• _TASK INSTRUCTIONS_
In the records below, repeat exactly the lines between the line holding "Brandsseller Burger Press" and the line holding "Core i3 8th", inclusive, and drop the pictures.

• _GIVEN ENTRIES_
========================

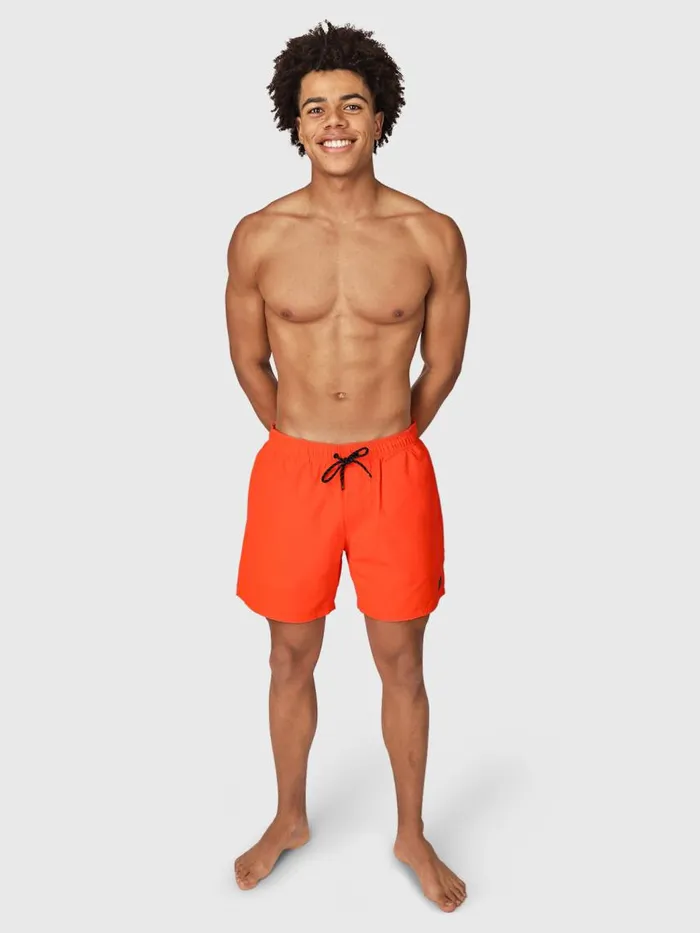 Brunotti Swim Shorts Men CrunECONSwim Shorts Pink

========================

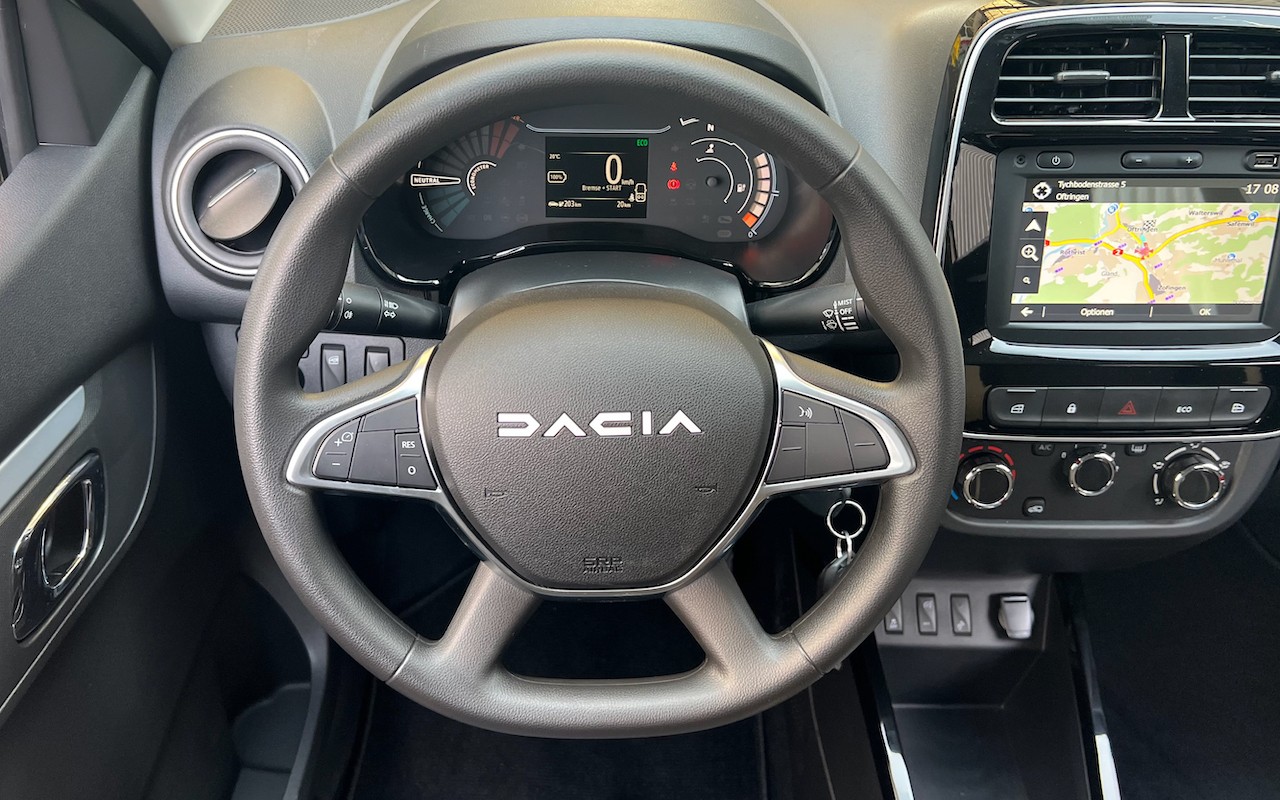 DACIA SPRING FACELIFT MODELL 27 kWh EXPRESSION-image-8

========================

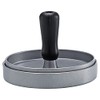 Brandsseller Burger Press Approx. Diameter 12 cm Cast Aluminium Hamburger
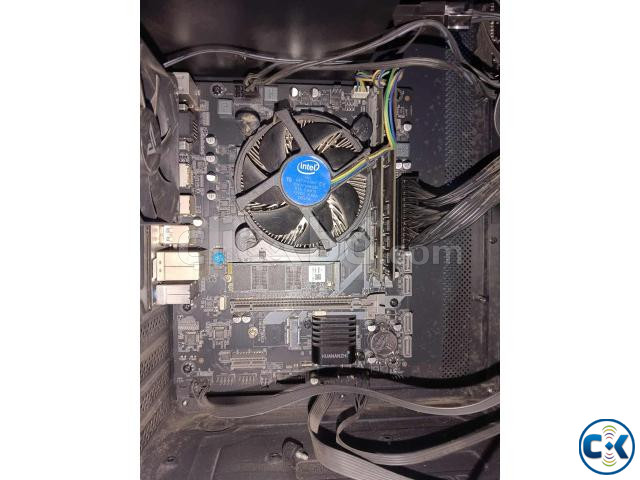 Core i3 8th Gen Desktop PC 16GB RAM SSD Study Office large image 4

========================

• _EXERCISE RESPONSE_
 Brandsseller Burger Press Approx. Diameter 12 cm Cast Aluminium Hamburger
 Core i3 8th Gen Desktop PC 16GB RAM SSD Study Office large image 4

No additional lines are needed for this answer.